A former weekly editor has criticised big regional publishers for making “the most revenue for the least effort” as he launches a free monthly magazine for Northamptonshire.
Steve Scoles established The NeneQuirer (or NQ) magazine after Trinity Mirror closed the weekly Northamptonshire Herald & Post, where he was editor for three years, in November.
He said: “Big media has not served Northamptonshire well over the years.
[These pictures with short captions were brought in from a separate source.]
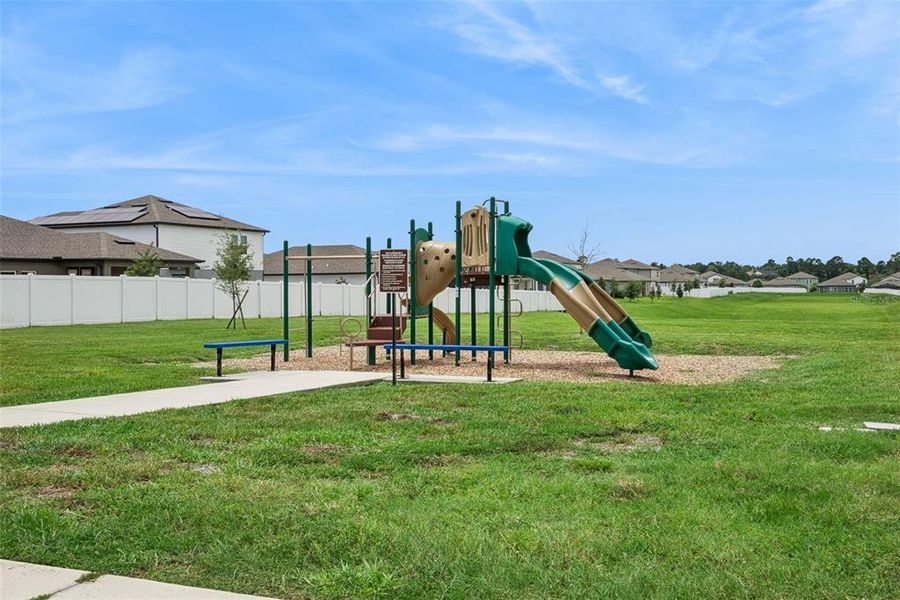Community amenities in , Deltona (Image 42).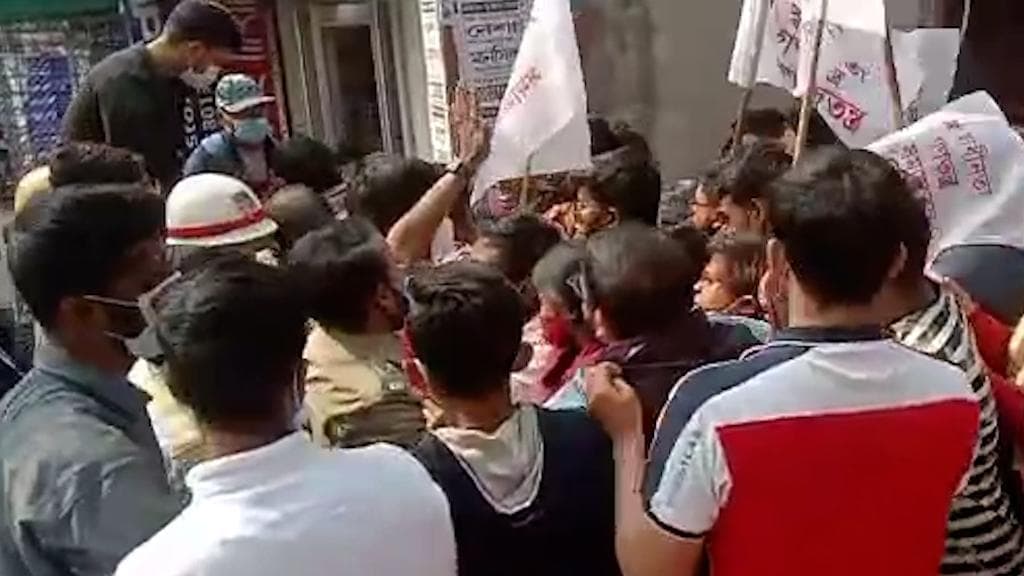 SFI: রাজ্যের শিক্ষাপ্রতিষ্ঠান খোলার দাবিতে এসএফআইয়ের মিছিল ঘিরে ধুন্ধুমার দমদমে, নামল র‍্যাফ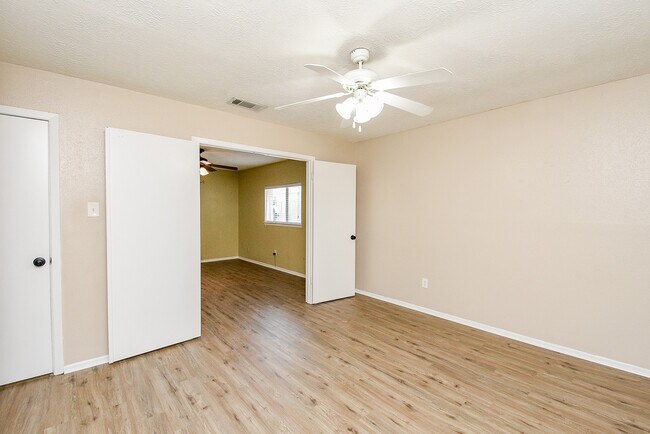 Building Photo - 4531 Algernon Dr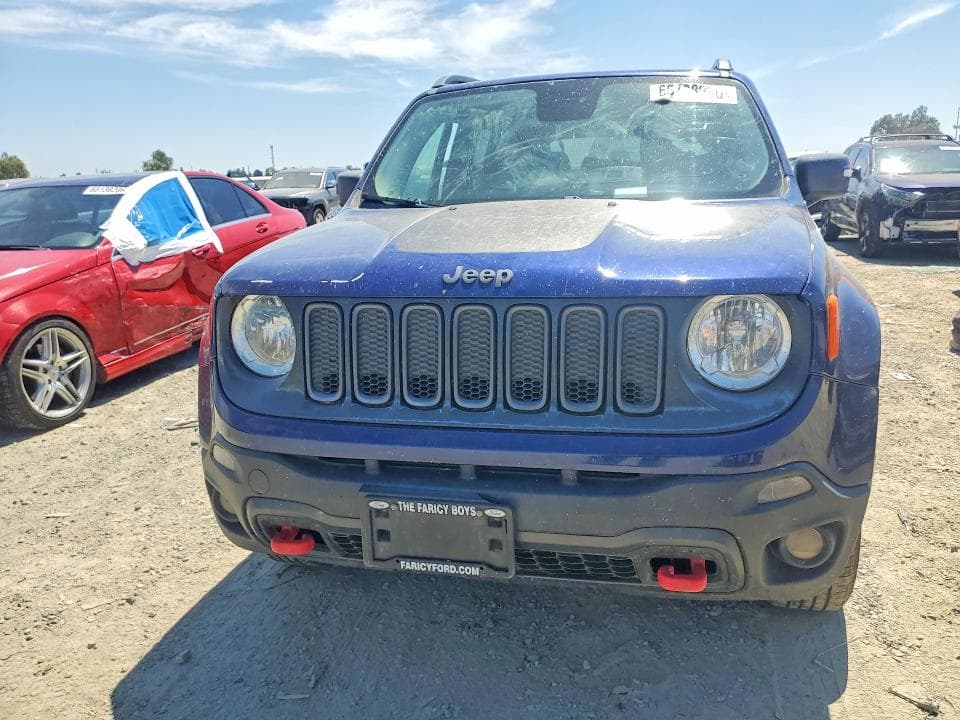 2017 JEEP RENEGADE TRAILHAWK 5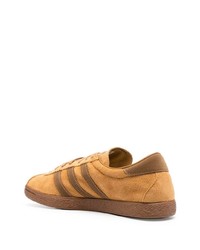 Baskets basses en daim tabac adidas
The major local newspaper publishers have reduced or removed their offer to the extent that a network of towns that used to receive a daily paper and at least one weekly free now only have one weekly paid-for in the market place.
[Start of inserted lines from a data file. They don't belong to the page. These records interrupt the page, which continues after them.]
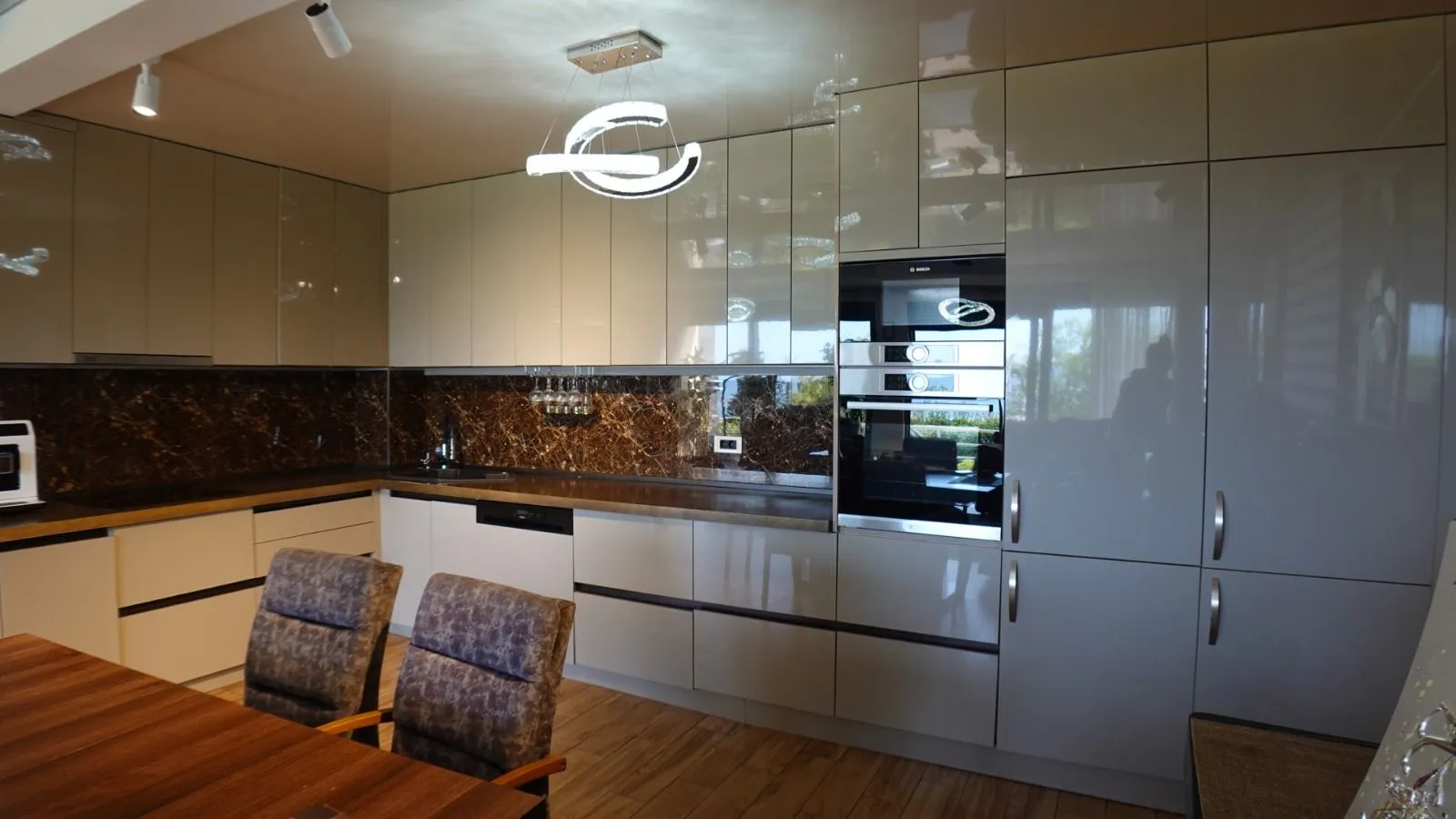 Prodaja, kuća, 207m², Bar, Crna Gora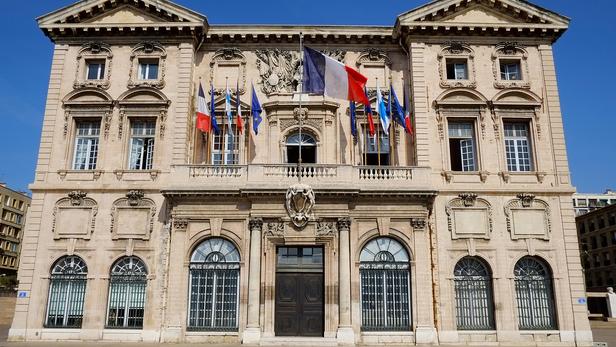 Municipales à Marseille : un deuxième élu LR annonce sa candidature au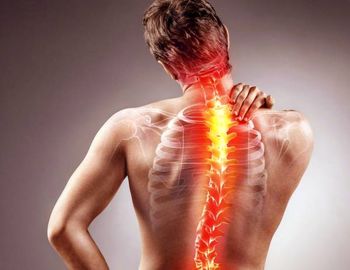 حقایق بسیار مهم درباره شکستن قولنج کمر و صدای آن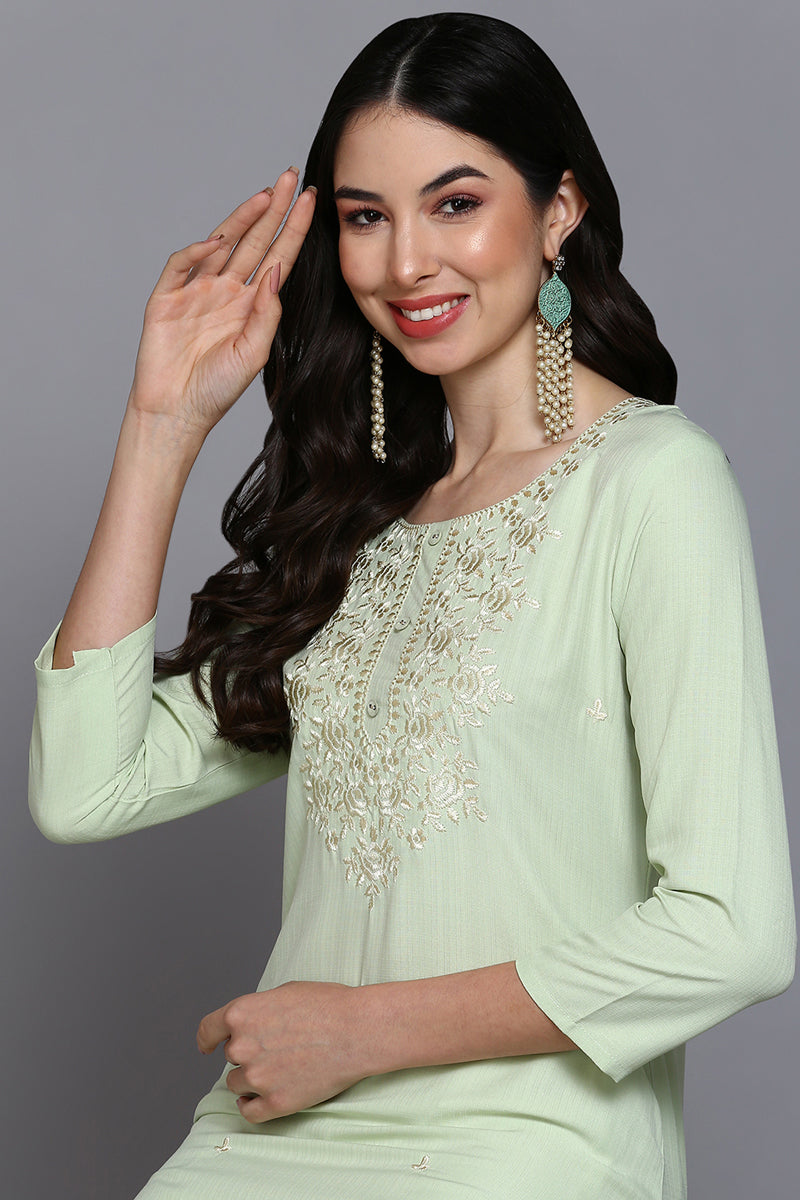 Cotton Blend Lime Green Embroidered Straight Kurta VCK9360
“People tend to think this is some kind of inevitable dinosaur moment for print publications, but on the inside of these big companies the strategies are all about what is the easiest way to capture the most revenue for the least effort.”
He added: “The all-round service people get from a typical local newspaper has changed so dramatically in recent years: adverts booked via call centres, Buzzfeed-style generic clickbait on the websites, editors based in towns 25 miles away – the word local hardly seems appropriate.
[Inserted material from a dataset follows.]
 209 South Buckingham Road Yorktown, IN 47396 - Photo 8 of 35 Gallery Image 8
“And then to have your paper taken away – not because the local economy cannot support it but because the internal economy of the publisher cannot support it – it’s the final insult.”
The NQ launched on Easter weekend and will include long-read articles and columns focused on people and organisations in the county, with local news, culture and sport covered.
Scoles, who edits and owns the title, said he isn’t trying “to make a fortune” and that it is more important news is produced for his community, by its members.
He said: “Businesses that book ads with us will have someone on the other end of the phone who knows that they are in Abington, Northampton, not Abingdon, Oxford.
“People who read our stories will be reading stories written by or about county people, not something about Milton Keynes ‘re-purposed’ by a content manager in another county.”
Scoles said he believes the big regional media business models do not work in Northamptonshire and his new magazine will bring the ‘slow news’ movement to the county.
In March, a National Union of Journalists (NUJ) commissioned report in March said Trinity Mirror, Johnston Press, Newsquest and Tindle Newspapers were responsible for more than “three quarters” of local newspapers.
The report said 418 journalists had lost their jobs – the bulk of them at the major regional publishers – and that between November 2015 and March 2017 22 local and regional titles had closed while only 13 opened.
Helen Goodman MP, chair of the NUJ all-party parliamentary group, told MPs the “hollowing out” of the local news industry had been partly down to “too much money being taken out of local newspapers”, in a parliamentary debate on the future of the local paper industry.
The NQ will be available on high streets and local independent businesses in Northamptonshire.